STK++ 0.9.13
Description of the STKernel projects: The Kernel tools.

The STKernel project is the low-level core library that forms the basis of the STK++ library.

This tutorial intent to give some help to the Developers who want to use the STK++ fundamental types and i-o facilities provided by the library.

In statistics, missing data, or missing values, occur when no data value is stored for the variable in the current observation. Missing data are a common occurrence and can have a significant effect on the conclusions that can be drawn from the data. Mixed Data is data from any number of sources, largely unknown and unlimited, and in many varying formats. In essence, it is a way to refer to data that id of an unknown format and/or content.

From a computational point of view, the programmer have to take care of these two aspects. It is desirable to

  • have some internal representation of the missing data,
  • to be able to read/write missing values in a transparent way,
  • to identify dynamically the type of data the program handles.

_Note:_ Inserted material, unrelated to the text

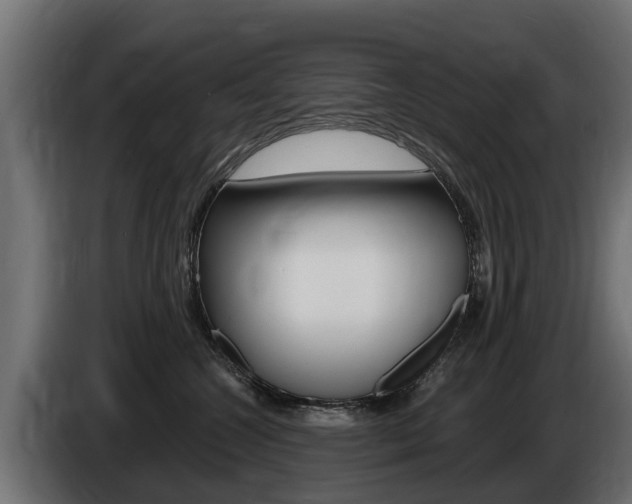 X0000086730572200704130748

Theses goals have been achieved in STK++ by

  • extending the numeric_limits struct with specific static methods,
  • designing a Runtime Type Identification (RTTI) mechanism for handling heterogeneous data.
See also
Arithmetic properties., IdTypeImpl

Additionally, the STKernel project provides typedef of the std::basic_* streams in the STK namespace domain for the predefined Char type which can be either a char or a wchar. Thus a programmer can write

std::basic_ifstream< Char > ifstream
ifstream for Char
Definition STK_Stream.h:71

and compile the library using the flag -DSTK_UNICODE, without taking care all along the code if he has to use ifstream or wifstream.

Handling the missing values

Since version 0.5.3 of STK++ there exists 6 kinds of fundamental types: String, Real, Integer, Binary, Sign and Range. All these types are self-explaining except maybe Range which represents a range of integer in the form [first:end).

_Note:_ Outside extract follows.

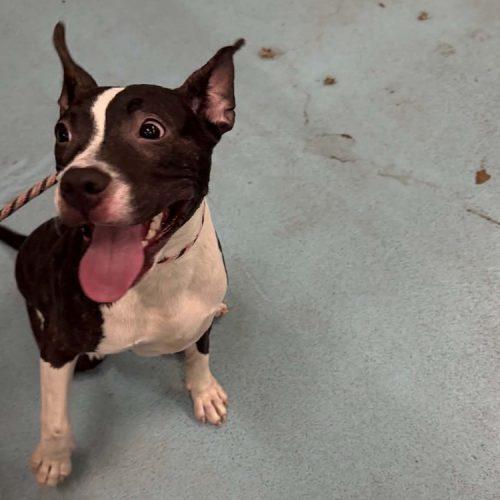 Enlarge Dolly, a Adoptable American Staffordshire Terrier in Minneapolis, MN image 2/5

If we take the example of the Real type, we have

typedef double Real;

which can be replaced by float if the user need single precision rather that double precision.

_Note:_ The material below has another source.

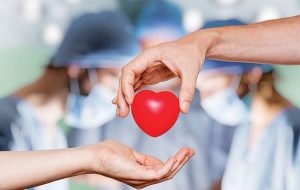 مادر تنگستانی ناجی بیمار نیازمند به پیوند عضو شد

If now we take the example of the Binary type, we have

enum Binary
{ zero_ =0,
one_ =1,
binaryNA_= __MAX_INT__
};

and it is important to note that any integer type represents missing values with the MAX_INT macro.

The piece of code

istringstream in(stringNa);
Real x;
in >> Proxy<Real>(x);
Binary b = STK::Arithmetic<Binary>::NA(); // b is a Binary missing value
stk_cout << _T("x =") << Proxy<Real>(x) << _T("\n");
stk_cout << _T("b =") << Proxy<Binary>(b) << _T("\n");
#define stk_cout
Standard stk output stream.
#define _T(x)
Let x unmodified.
static Type NA()
Adding a Non Available (NA) special number.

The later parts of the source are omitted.